I was sitting on the front porch swing the other night talking on the phone when my mother called me inside to dinner. Without thinking, I told my friend that I was being called to dinner.
“It’s not weird being back home?” my friend asked.
It isn’t…. most of the time.
After thirteen years of not living at home, I’m living with my parents for a few weeks until my house is move-in ready. Having not lived at home for so long, I wasn’t sure what to expect. I was young when I moved out, and my parents set the rules until the day I moved into my first apartment as a married woman. I haven’t had their rules for a very long time, and though there still aren’t any rules, per se, there is respect for them as my parents and the gratefulness for their allowing me to stay here. It is awkward to be a mother living with my mother. Too much mothering going around some days that the children can take advantage of and not in any of the beneficial ways. Which is partly why it is a temporary living arrangement. Not to mention I have grown rather fond of my independence.

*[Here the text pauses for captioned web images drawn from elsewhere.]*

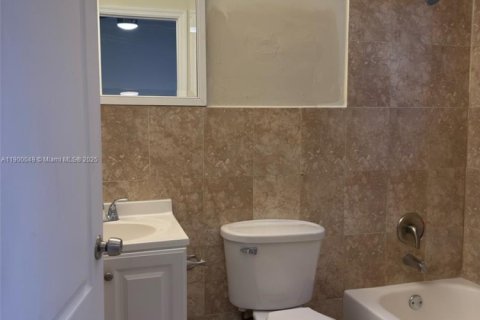 Condominio en alquiler en Miami, Florida, 2 dormitorios, 57.97 m2 № 1963707 - foto 3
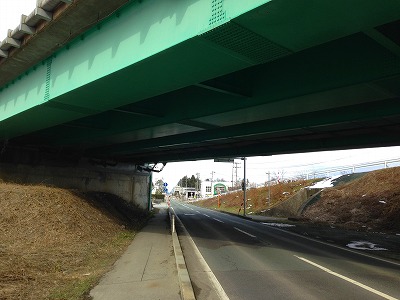 旧国道１３号線の乱川、１３号線高架橋下のシュールな眺めです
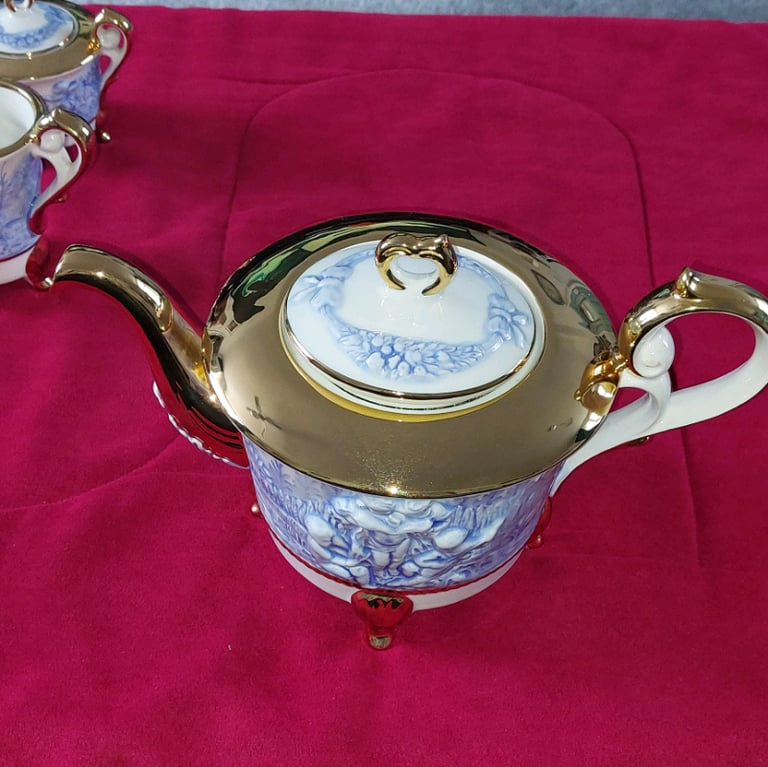 Capodimonte Gold plated Cherub Tea Set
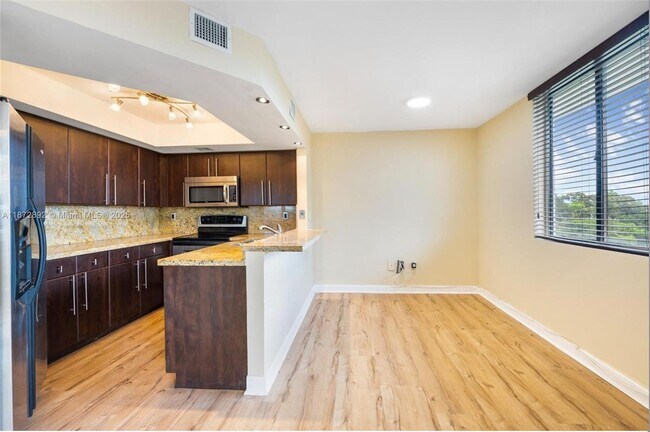 Foto del edificio - 8215 SW 152nd Ave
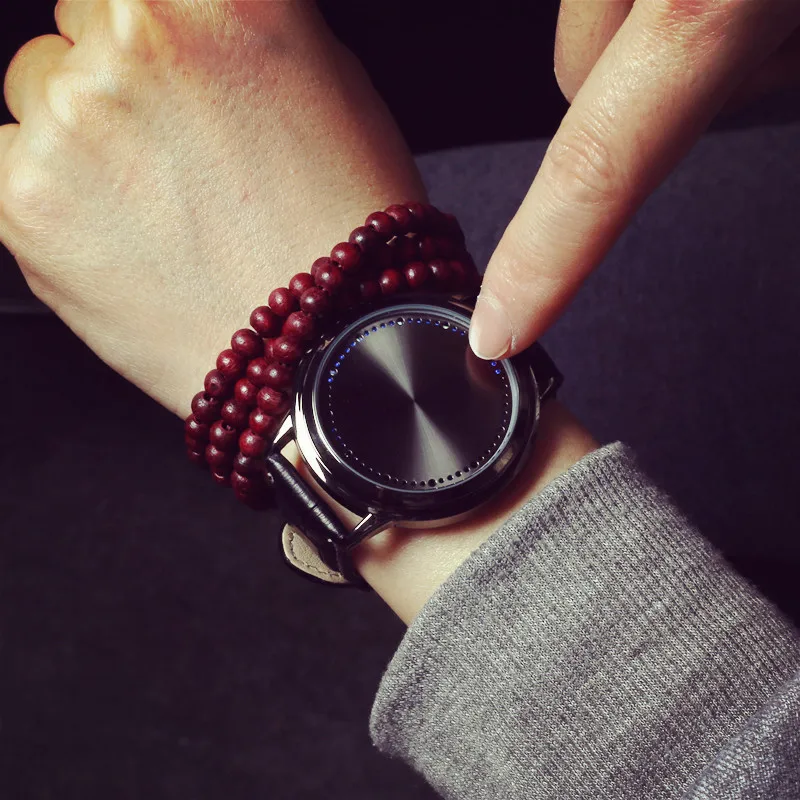 Креативная личность минималистичный кожаный Нормальный водонепроницаемый светодиодный часы для мужчин и женщин пара часов умная электроника повседневные часы - Цвет: Черный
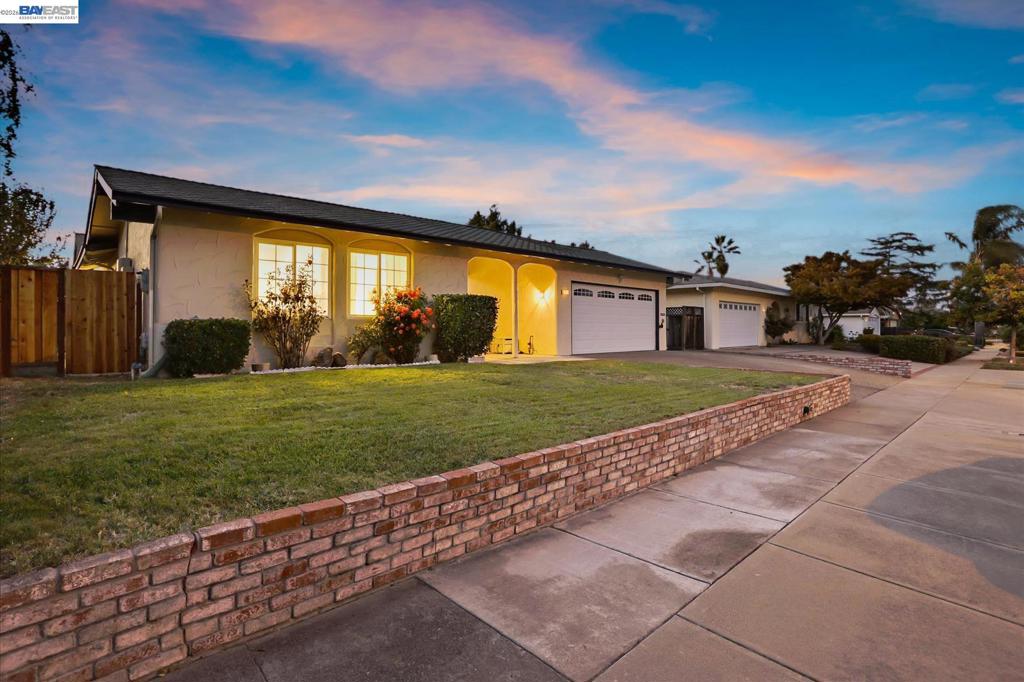 5261 Sussex Pl, Newark, CA 94560 — photo 1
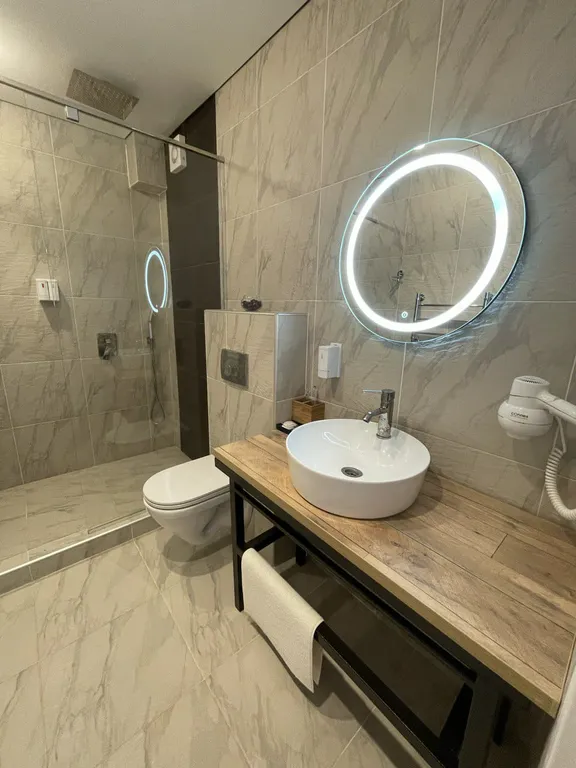 Уютный номер среди гор и сосен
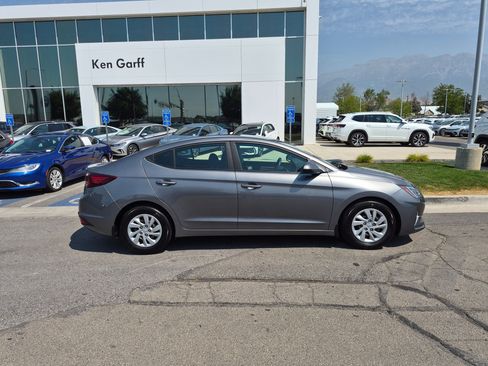 Used 2020 Hyundai Elantra SE w/ Winter Weather Package FWD image 2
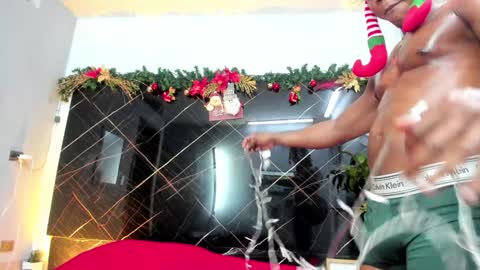 Snapshot of ronnie_777 chatting on December 2024 09:39:02 PM Ronnie 777 online show from December 2024 09:39:02 PM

There’s also the little matter of no internet here. The first night I went to sleep early because I didn’t know what to do with myself when I couldn’t go online. The second night I picked up a book to avoid the withdrawal.
I’ve figured out that too much of my time is drained by being online. And though I will soon have it hooked up in the new house, it may be a good idea to limit some of my use. There’s so many things that I could be spending my time on besides glued to a computer that I think I needed the realization and the withdrawal to show me exactly how much time I’m wasting.
I’ve also experienced what it feels like to slow down and just spend time with people in simple conversation instead of rushing off to accomplish whatever is next on my list. I’m not likely to want to rush back into the hurried pace I keep to accomplish a to-do list just yet.
And though my move in date approaches, I think I will take advantage of this unexpected time with family as well as a little less technology.